Australian artist (born 1976)

Angelica Mesiti (born 1976, Sydney) is an Australian multi-disciplinary artist of Italian descent, working in Paris and Sydney. She is best known for her combination of performances with video, sound and spatial installation that result in highly contemplative spaces. Her work is situated at the interstice of diasporic cultures, gestural communication and sensory togetherness.

Angelica Mesiti has completed a Bachelor of Fine Arts (Honours) and a Master of Fine Arts from the University of New South Wales in Sydney.

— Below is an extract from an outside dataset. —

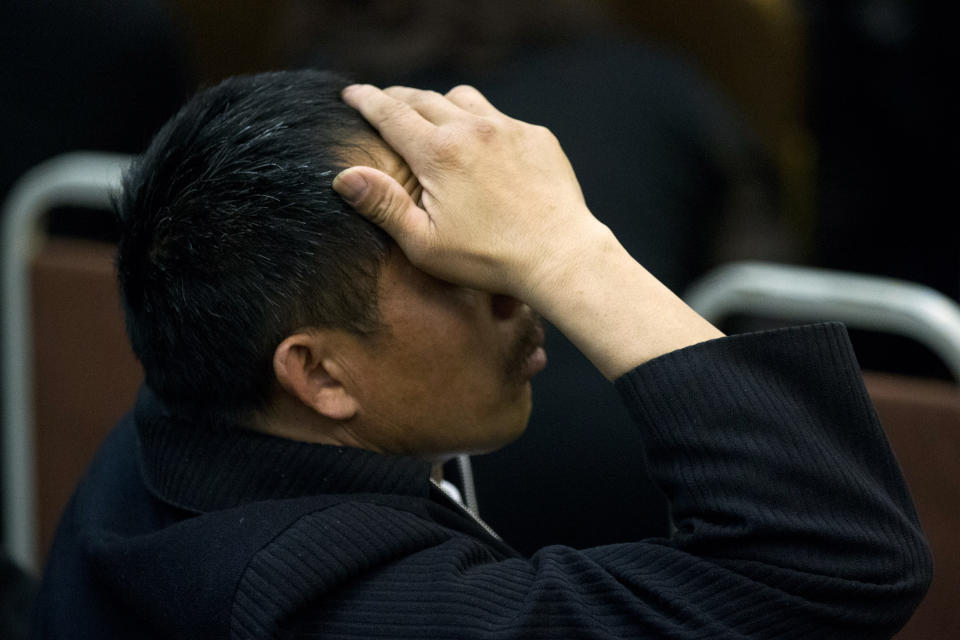 One of the relatives of Chinese passengers on board Malaysia Airlines Flight 370 rubs his head during a briefing meeting given by Malaysian official at a hotel in Beijing, China, Wednesday, March 26, 2014. The search of the missing plane resumed Wednesday after fierce winds and high waves forced crews to take a break Tuesday. A total of 12 planes and five ships from the United States, China, Japan, South Korea, Australia and New Zealand were participating in the search, hoping to find even a single piece of the jet that could offer tangible evidence of a crash and provide clues to find the rest of the wreckage. (AP Photo/Alexander F. Yuan)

In 2009, Mesiti was the recipient of the 58th Blake Prize for her 10 minute video work called 'Rapture (silent anthem)', which depicts in slow motion joyful youths bathed in bright sunlight. Angelica Mesiti has been exhibiting her work since 2011 in venues including the Art Gallery of New South Wales, the 19th Biennale of Sydney, the Perth Institute of Contemporary Arts, Artspace Sydney, the National Gallery of Australia, the Museum of Contemporary Art of Montréal and the Palais de Tokyo in Paris, among others.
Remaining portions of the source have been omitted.